Here is a post I saw on Instagram related to why 1/3 has infinitely repeating digits in a decimal number system. This is exactly what happens when we try to represent 0.1... where the knife limits the numbers of 1s and 0s that we can use in the representation.

1. How does a computer work?

At some point, all the statements and data that we have been working with in Python have to be converted into a bunch of 0s and 1s in your computer. Why? Well, the most fundamental building block for your computer is a transistor. There are actually billions of transistors in your computer. Transistors behave like switches (think of the light switch in your room). Simply speaking, transistor can be in one of two states: either ON or OFF. There are many types of transistors. On the right you can see one of the symbol used to represent one of these types transistor is electronic circuits. Discussing the details of how a transistor works is outside the scope of this course. You can think of it as a device that can only represent a single piece of information that is either 0 or 1 (ON or OFF). Not super interesting, but what if have two transistors? What about three transistors? How many possible states can we represent?

solution

Remember that each transistor can take on two possible states. Let's consider the case of two transistors and we'll call these transistor A and transistor B.

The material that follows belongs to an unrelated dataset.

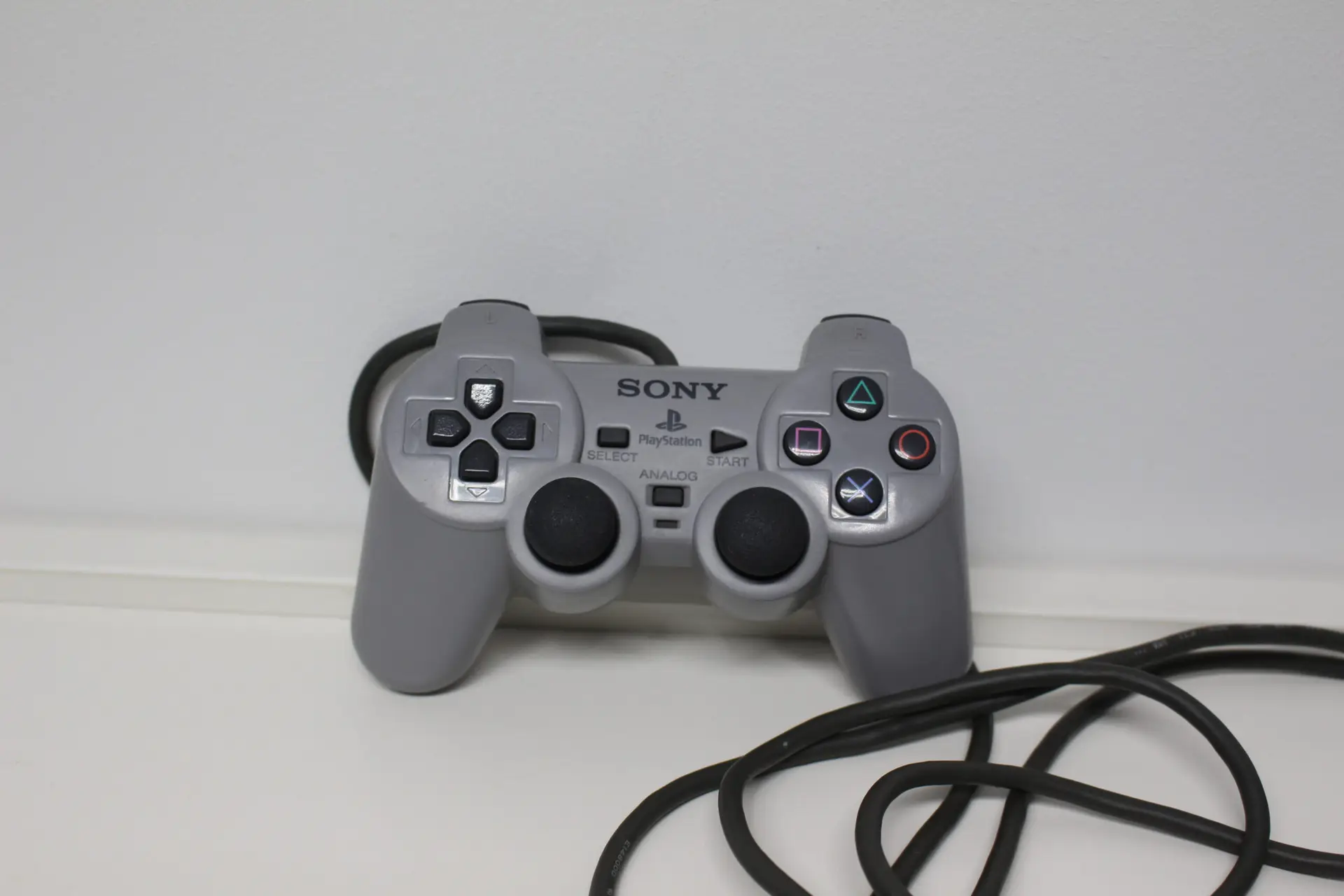Controller in Grau – Bild 2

Suppose transistor A is ON. Then transistor B can be either ON or OFF. So there are two possibilities there.

Now suppose transistor A is OFF. The transistor B can still be either ON or OFF.Another two possibilities!

This means there are a total of 4 possible states when we have two transistors. This generalizes to $s = 2^n$ where $s$ is the number of possible states, and $n$ is the number transistors. So with three transistors, there are 8 possible states.

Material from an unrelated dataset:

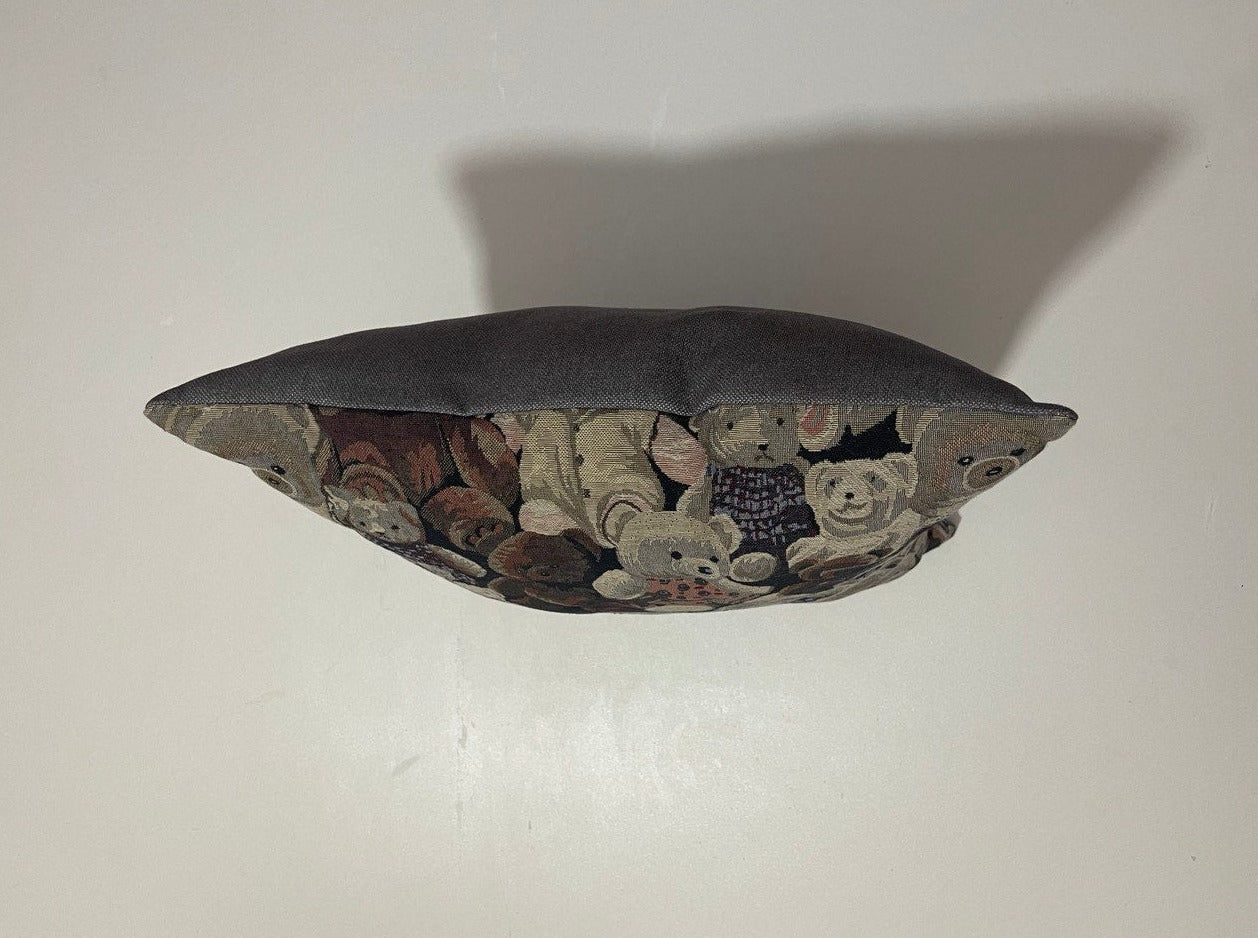 Gobelin Kissen (43x43cm)Bärenspiel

So our fundamental unit for storing information is something that is either 0 or 1. We call this a BInary digiT, or a bit for short.

Let's explore an example of all unique combination that we can have if we use 4 bits.

bit 1	bit 2	bit 3	bit 4

Each set of bits (row) represents a unique combination and we can count these combinations (right column). The larger the number of bits that we use, the more combinations we can have. Just like we said the number of possible combinations with $n$ bits is equal to $2^n$. So, what if we decide to associate an integer to each combination like we have done in the right column? Then we could represent any number from $0$ to $2^n - 1$ with $n$ bits.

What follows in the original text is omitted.